Starke Befriedigung weckten die weitere Vertiefung der Freundschaft des Deutschen Reiches mit Italien und Japan durch den Abschluß von Kulturabkommen zum 2. Jahrestag des Antikomintern-Abkommens, die nach demselben Wiederaufbauprinzip gleichgerichtete Haltung Italiens in der Judenfrage und - eindrucksvoll betont in der jüngsten Rede des italienischen Außenministers - in der äußeren Politik sowie die Ansätze einer Konsolidierung des Verhältnisses Südosteuropa zu Deutschland.

Schließlich verfehlten auch die immer wiederkehrenden Hinweise auf die Behandlung der Juden in anderen Ländern und deren zum Teil widerspruchsvolle Haltung in Worten und Taten nicht ihre Wirkung. [...]

Juden

Die Demonstrationen und Aktionen am 10. und 11. November 1938 gingen nach den Berichten der Außenbehörden im allgemeinen reibungslos vor sich. Fensterscheiben von Geschäften und Synagogen, zum Teil auch von Privatwohnungen der Juden gingen hiebei in Trümmer. In Memmingen wurde die Synagoge 1 Woche hindurch abgetragen und zum Teil gesprengt; hier wie anderwärts (so in Augsburg, Öttingen, Fellheim, Altenstadt) wurden die Einrichtungsgegenstände in den Synagogen verbrannt oder sonst vernichtet, zum Teil wurden, wie in Memmingen, auch die Judenwohnungen und deren Einrichtung in weitem Umfang demoliert. In Binswangen und Buttenwiesen, BA Wertingen, wurden auf den Judenfriedhöfen Grabdenkmäler umgeworfen und beschädigt. Akten, Wertpapiere und Wertgegenstände, desgleichen Kraftfahrzeuge wurden in Beschlag genommen. Die zerstörten Schaufenster wurden, soweit möglich, wieder hergestellt.

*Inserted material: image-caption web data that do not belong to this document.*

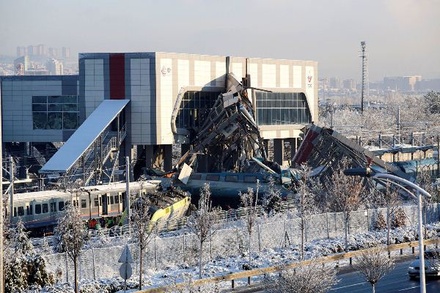 Число погибших при крушении поезда в Анкаре возросло до семи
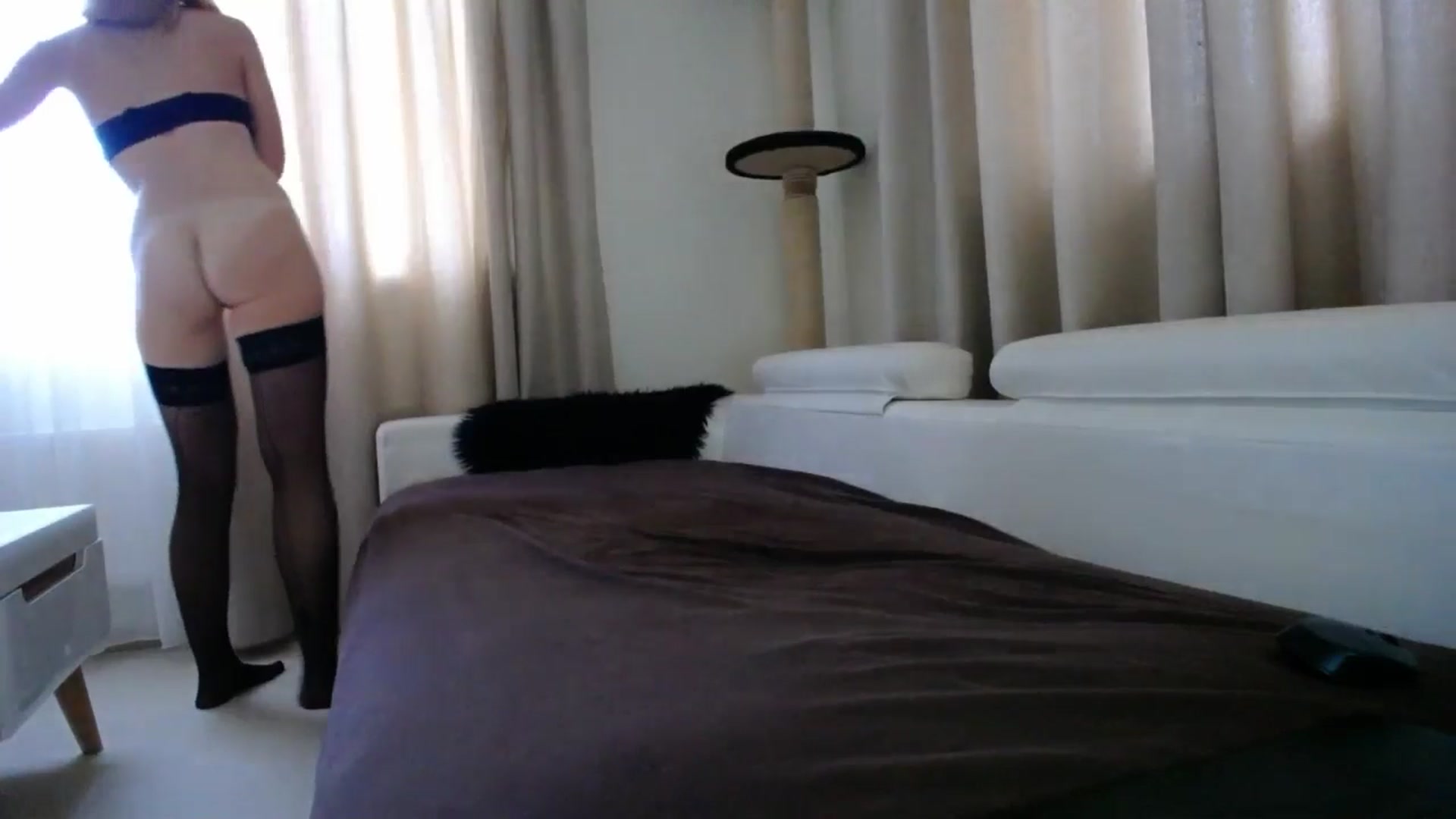Gallery image thumbnail from EmilyTease's myfreecams stream on, 12/29/2025, 13:06 image 14 of 20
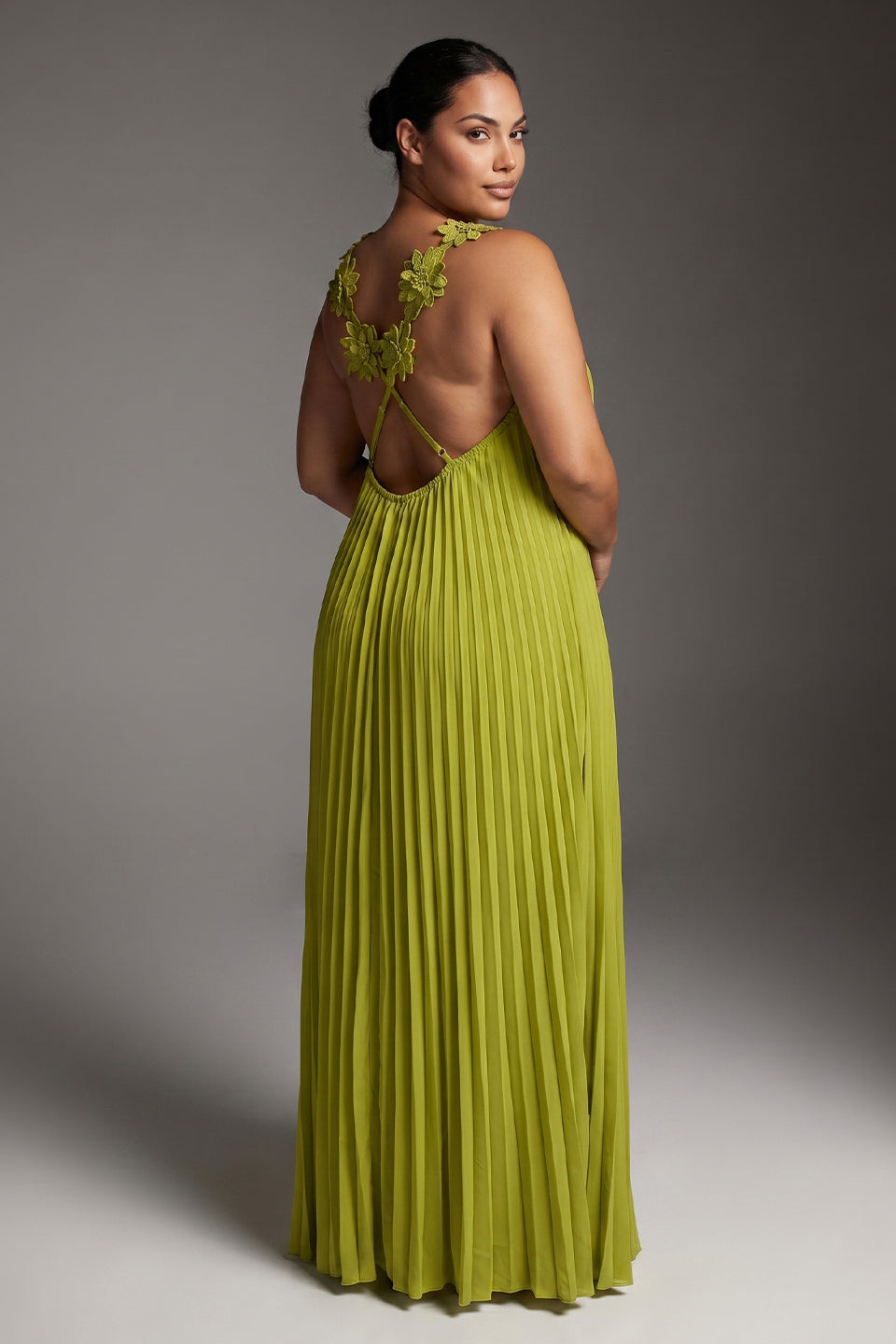Curveins Plus Size Halter Neck Spaghetti Strap Floral Backless Pleated Maxi Dress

Die Zahl der im Zuge der Aktion in Schutzhaft genommenen Juden beträgt, wie bereits oben unter Ziffer I.2. angegeben, 319.

Beim Bezirksamt Günzburg haben seit dem 10.11.1938 etwa 25 Juden mit 9 Kindern aus Ichenhausen um Ausstellung von Pässen zum Zwecke der Auswanderung nachgesucht.

Von der Regierung wurde bisher in rund 50 Fällen die Arisierung jüdischer Gewerbebetriebe genehmigt.